La sentencia contra los líderes independentistas ha abierto una nueva vía en el Derecho penal español, en la que un manoseado guion pasa por distintos agentes (siempre los mismos): unos denunciantes o querellantes (la derecha de la extrema derecha), unos jueces de instrucción vinculados al “Estado profundo”, una policía judicial (la Guardia Civil) con antecedentes franquistas, una fiscalía agresiva y patriotera y unos magistrados puestos en el núcleo de poder por el gobierno de turno. Todo ello muy zafio y muy cruel. A partir de aquí, todos podemos ser declarados secesionistas confesos. Una aberración.
Y este proceso de degradación moral ha puesto de manifiesto que el Estado español todavía no ha superado la fase del “poder condigno”, el poder sobre los demás a través de la violencia física (la porra), psicológica (la criminalización) o sociológica (la potenciación del miedo). Esta es la mejor prueba de su condición pre-democrática, ya que nunca han sido capaces de abandonar el “poder condigno” (una señal clara sería alejar de Catalunya a las fuerzas de ocupación) y entrar en el terreno del “poder compensatorio”, que supondría negociar, dialogar, ofrecer algo a cambio. Lo más llamativo es que han dejado para su masa poblacional adicta (los españoles orgullosos de serlo), la aplicación del “poder condicionado”, un poder sublimador y alienante que anula su capacidad crítica, si es que alguna vez la tuvieron. Esto explica su docilidad frente al poder del Estado y nos recuerda la profecía de Étienne de la Boétie, el amigo de Montaigne, cuando se refería a la “servidumbre voluntaria”, en la que el pueblo acepta complacido la tiranía del Leviathan.

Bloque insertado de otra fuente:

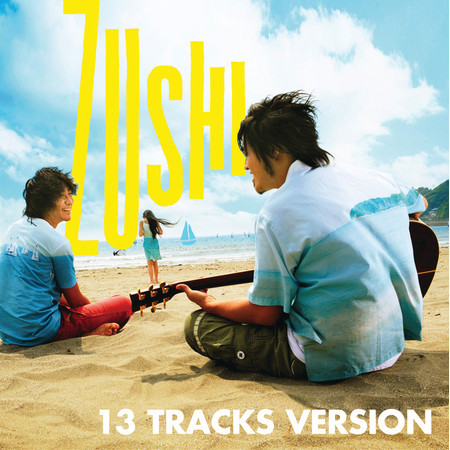 Zushi (13 Tracks Version)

Y es que en términos de grandes ciclos históricos, el Estado español es un caso atípico. Las corrientes renacentistas, previas a la constitución del Estado, quedaron sometidas al dictado real. Pasó de puntillas sobre la Ilustración e incluso hizo lo imposible para cercenar sus incipientes focos. Despreció la Revolución Industrial por un rechazo a la técnica y un miedo absurdo a la capacidad del movimiento obrero organizado. Y luego (ya en el siglo XX) hizo un salto mortal para la creación de una infraestructura industrial cara e ineficiente, que acabó siendo desmontada de mala manera y a cargo del contribuyente. Después ha llegado el apalancamiento, el capital riesgo y los grandes fondos de inversión internacionales: puro maquillaje. Porque así no se llega a la modernidad, que es un proceso gradual y acumulativo, donde no valen las trampas para mejorar nota. Lo he dicho muchas veces y lo repito: no se puede pasar de la cabra a Internet en un plis-plas.
El Estado español está a la deriva. No hay otra alternativa que salirse de este círculo infernal tan pronto como se pueda. Caminos los hay, pero hay que saber elegirlos.